IV) Gradient Descent
The key computations in the backward cycle are
$W1 = W1-learningRate * \partial L/\partial W1$ – From (C)
$b1 = b1-learningRate * \partial L/\partial b1$ – From (D)
$W2 = W2-learningRate * \partial L/\partial W2$ – From (A)
$b2 = b2-learningRate * \partial L/\partial b2$ – From (B)

The weights and biases (W1,b1,W2,b2) are updated for each iteration thus minimizing the loss/cost.

These derivations can be represented pictorially using the computation graph (from the book Deep Learning by Ian Goodfellow, Joshua Bengio and Aaron Courville)

### 3. Manually create a data set that is not lineary separable

Initially I create a dataset with 2 classes which has around 9 clusters that cannot be separated by linear boundaries. Note: This data set is saved as data.csv and is used for the R and Octave Neural networks to see how they perform on the same dataset.

import numpy as np
import matplotlib.pyplot as plt
import matplotlib.colors
import sklearn.linear_model

from sklearn.model_selection import train_test_split
from sklearn.datasets import make_classification, make_blobs
from matplotlib.colors import ListedColormap
import sklearn
import sklearn.datasets

colors=['black','gold']
cmap = matplotlib.colors.ListedColormap(colors)
X, y = make_blobs(n_samples = 400, n_features = 2, centers = 7,
cluster_std = 1.3, random_state = 4)
#Create 2 classes
y=y.reshape(400,1)
y = y % 2
#Plot the figure
plt.figure()
plt.title('Non-linearly separable classes')
plt.scatter(X[:,0], X[:,1], c=y,
marker= 'o', s=50,cmap=cmap)
plt.savefig('fig1.png', bbox_inches='tight')

### 4. Logistic Regression

On the above created dataset, classification with logistic regression is performed, and the decision boundary is plotted.
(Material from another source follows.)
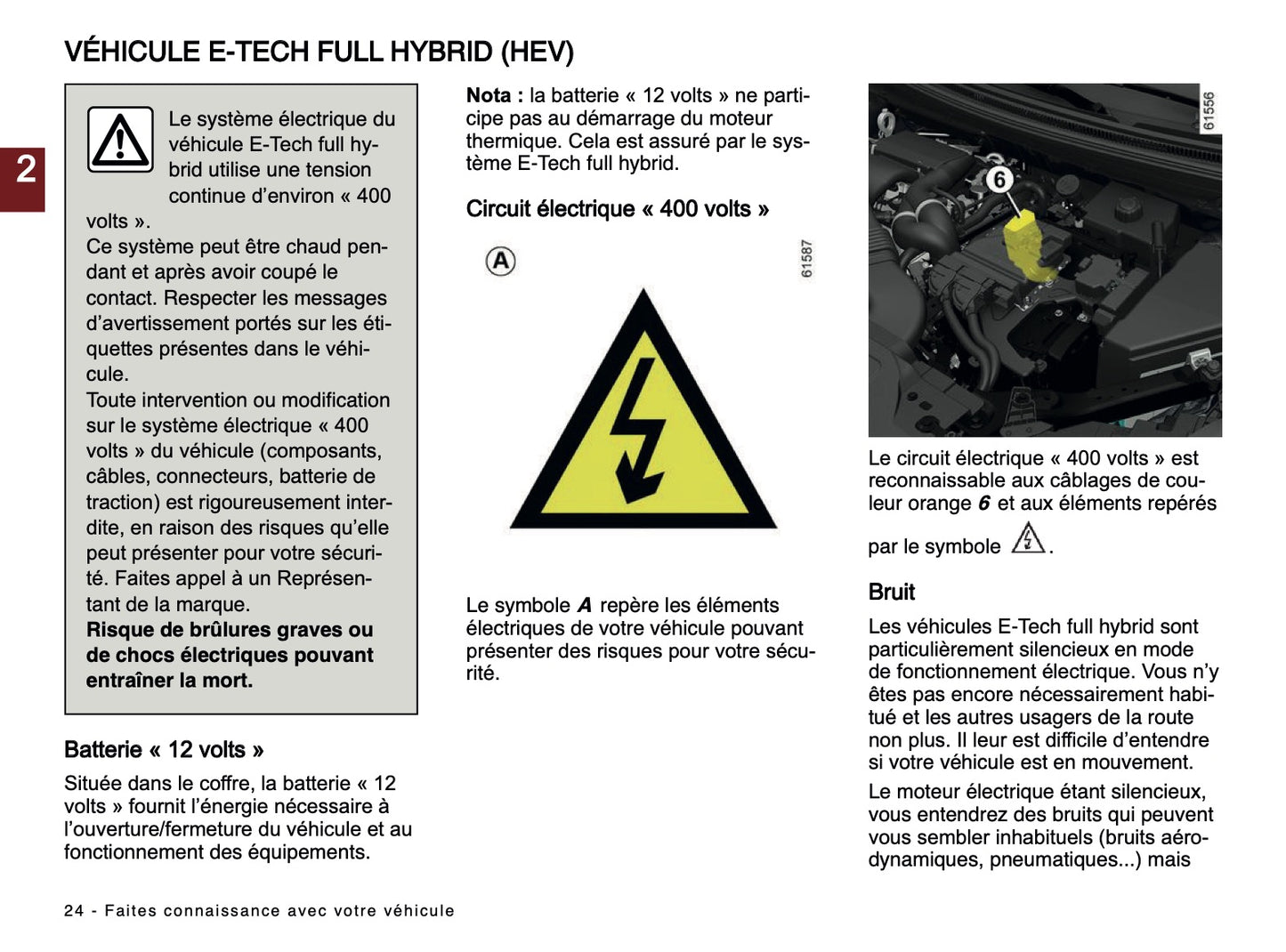 2024-2025 Renault Espace Owner's Manual | French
It can be seen that logistic regression performs quite poorly

import numpy as np
import matplotlib.pyplot as plt
import matplotlib.colors
import sklearn.linear_model

from sklearn.model_selection import train_test_split
from sklearn.datasets import make_classification, make_blobs
from matplotlib.colors import ListedColormap
import sklearn
import sklearn.datasets

#from DLfunctions import plot_decision_boundary
execfile("./DLfunctions.py") # Since import does not work in Rmd!!!

colors=['black','gold']
cmap = matplotlib.colors.ListedColormap(colors)
X, y = make_blobs(n_samples = 400, n_features = 2, centers = 7,
cluster_std = 1.3, random_state = 4)
#Create 2 classes
y=y.reshape(400,1)
y = y % 2

# Train the logistic regression classifier
clf = sklearn.linear_model.LogisticRegressionCV();
clf.fit(X, y);

# Plot the decision boundary for logistic regression
plot_decision_boundary_n(lambda x: clf.predict(x), X.T, y.T,"fig2.png")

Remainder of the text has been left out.